森内俊之名人にとっての負けて最も悔しい相手

将棋世界2002年8月号、「森内俊之新名人に聞く」より。

―森内名人、羽生竜王(四冠)、郷田棋聖、佐藤王将と、1982年に奨励会入りした棋士がタイトルを占めることになりました。森内さんは同期のライバルにどんな思いを抱いているのですか。羽生さんには最近、5連勝していますね。

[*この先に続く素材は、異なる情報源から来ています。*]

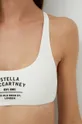 Bikini top Stella McCartney Lingerie Γυναικεία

「たまたま、そういう時期もあるということでしょう。羽生さんは将棋界の枠を超えているようなところがあって、本当にすごい人だと感心しています。一緒に将棋を指してこられて、自分は幸せだったと思いますね」

―負けると最も悔しい相手は、佐藤王将でしょうか。

「そうかもしれません。一番気心の知れた間柄なんですが、佐藤さんは勝ったとき、本当にうれしそうな顔をするんですよ。それを見ると、ムムムッと・・・。郷田さんは将棋を学問的に追求してきた代表選手のような人で、刺激を受けました。強いライバルたちが自分を引っ張り上げてくれた気がします」

―丸山さんや藤井さんとは年齢が同じですが、2人は奨励会入りが少し遅かったですね。

「丸山さんは新世代の棋士という印象があって、勝負に徹している厳しさを強く感じます。一方、藤井さんの考え方は、われわれ旧世代に近いような気がしますね。学問的要素と勝負のバランスという点では、若手棋士たちはもっと割り切っていて、勝負の面を重視しているのではないでしょうか」

(以下略)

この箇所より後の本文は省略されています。